The Mew Island Tern Project

(Update to the end of May 2003)

Early in 2002 we were contacted by Norman Ratcliff, the RSPB’s specialist in Roseate Terns, who is trying to reverse the long-term decline in numbers of Roseates breeding in the UK. Norman wanted to discuss the potential for attracting Roseates to breed again on Mew Island. Over the next few months we began to work up a plan for Mew. In July, Pat and Neville McKee and John Stewart visited Coquet Island off the Northumbrian coast, where the RSPB manage part of the area for breeding Roseates. This was followed by a visit by Norman and Dave Allen to Mew when we agreed a strategy to make the Island more attractive to terns.

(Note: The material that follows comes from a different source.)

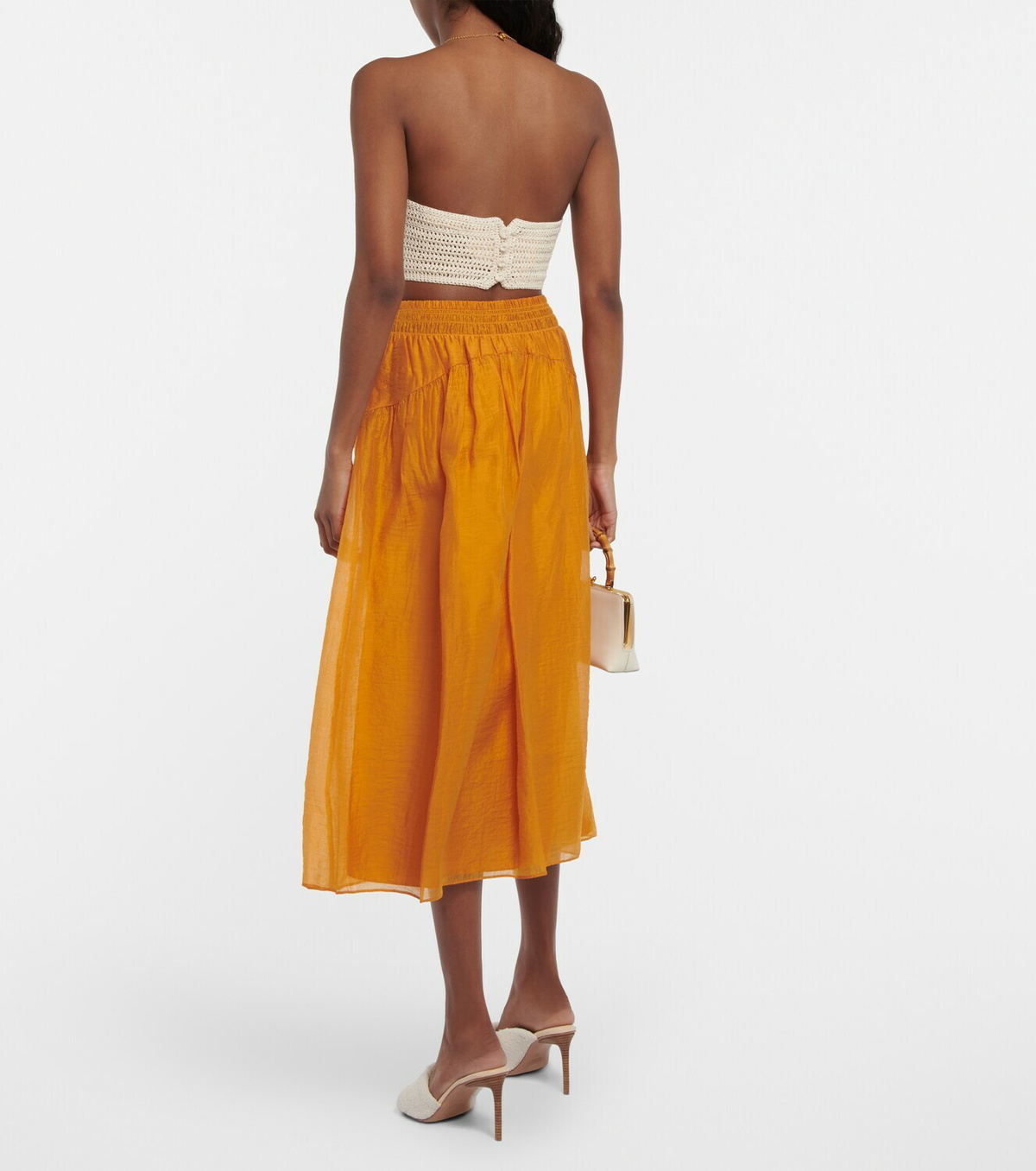 Vince - High-rise midi skirt Vince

Some factors are already favourable. Arctic Terns already breed in some hundreds on nearby Big Copeland and, at the RSPB’s Belfast Harbour Estate Reserve, Anthony McGeehan has been successful in attracting Common Terns to nest on a shell-covered, artificial island. This suggests there is a good food supply locally available. A point readily confirmed by those of us who use the Chris Bailey hide to seawatch out over Mew Island. The Arctic Terns from Big Copeland are constantly shuttling back and forth past Mew, carrying fish back to their nest. The population of large predatory gulls is much reduced on Mew and Lighthouse Island and there are no breeding birds of prey (although there are regular visits by Buzzards, Peregrines and Sparrowhawks). There are no ground predators such as rats or other mammals on Mew.

On the down side, the vegetation on Mew is very rank and unlikely to be acceptable to terns.

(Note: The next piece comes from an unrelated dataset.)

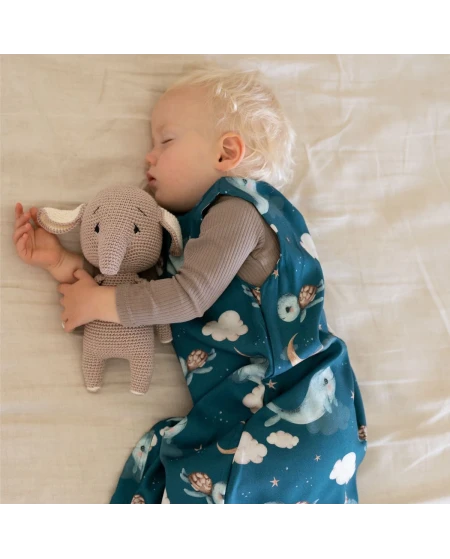 Sacco nanna bambù 6-18 mesi | Traspirante e naturale | Waldin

Although our target species is the endangered Roseate Tern, it is known that Roseates will rarely adopt a new site unless there are already other terns, particularly Common Terns, breeding there. The explanation is thought to be that Roseates are not sufficiently agressive to drive off predators on their own, and prefer the safety of nesting near their tougher cousins. Our initial target therefore is to attract Common Terns to breed on Mew.

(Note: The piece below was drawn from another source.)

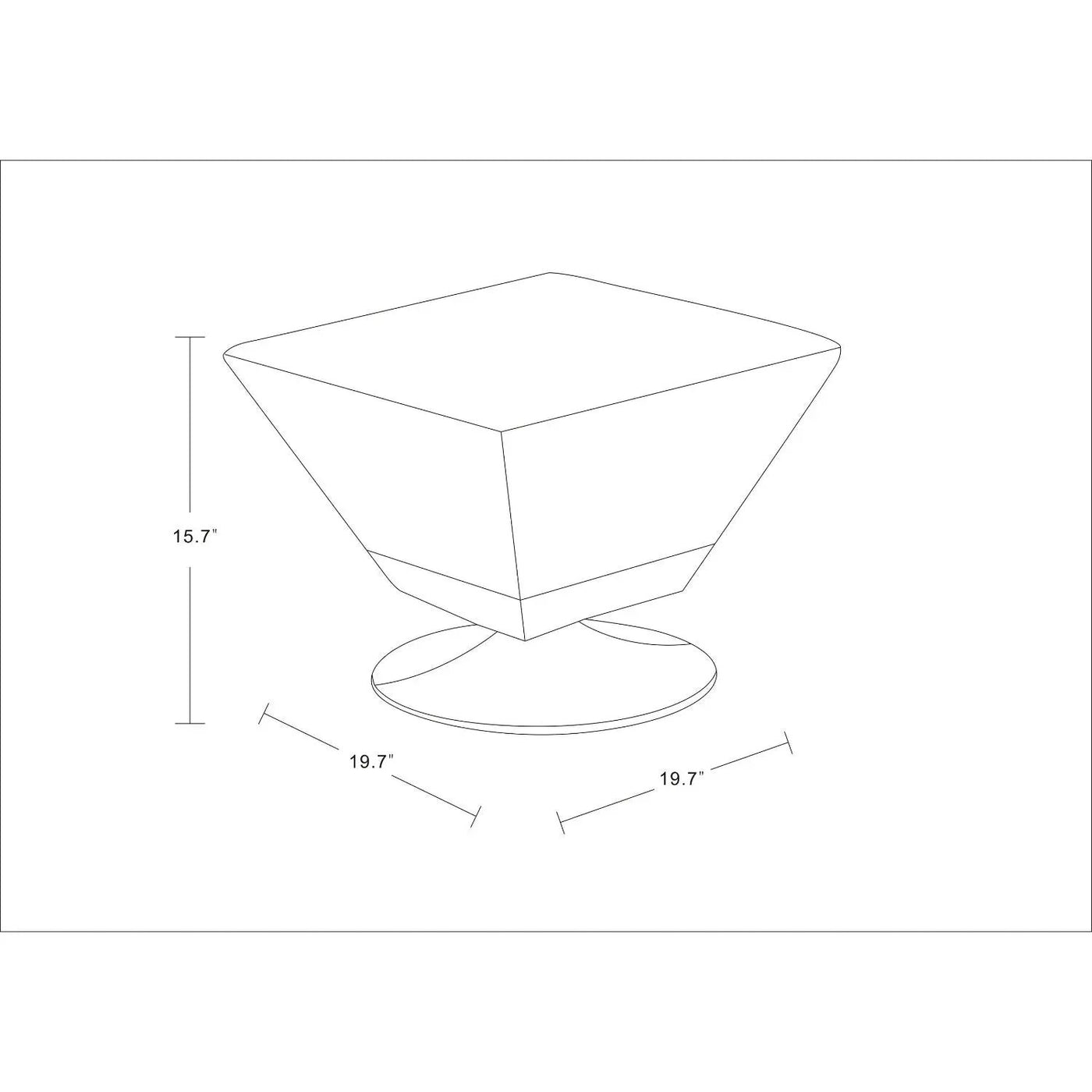Diamond - Accent Ottoman by HouseOfZazla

What do we need to do to attract Common and other terns? We have a safe site with food nearby, the missing element in the equation is appropriate nesting habitat.

Our first task, therefore, was to find a way to get some of the vegetation under control. Suggestions ranged from burning, to weedkilling, to grazing, to strimming and to killing by excluding light using carpet or plastic sheeting. Eventually, however, we settled on the idea of hand-pulling the tussocks in small patches, covering the bare ground with horticultural membrane and then laying down a few inches of cockle shells on top. Once this was in place, we would position decoy terns, deploy tern nestboxes and play tape recordings of terns – all with the hope of attracting some terns to visit the site and hopefully to return to breed there.

We had decided what to do, the next step was to find a way of doing it! As ever, we needed finance and volunteers. Both were soon forthcoming. We applied for, and have received, a grant from the Environment and Heritage Service of the Department of the Environment. The RSPB offered some help with funding and with carrying out the work. BirdWatch Ireland have kindly loaned us some decoys and a sound system to play the tape recorded calls of terns. And, of course, our own members quickly volunteered their time for all the preparation work.

At Easter 2003, a couple of tonnes of cockle shells, collected over the winter by Boyd Bryce, were transported to Mew. This was followed by a day trip to prepare four separate areas for the terns. After some running repairs to the sound system, which hadn’t been used for a couple of years, that and the decoys and nestboxes were in place at the end of May. Now we wait!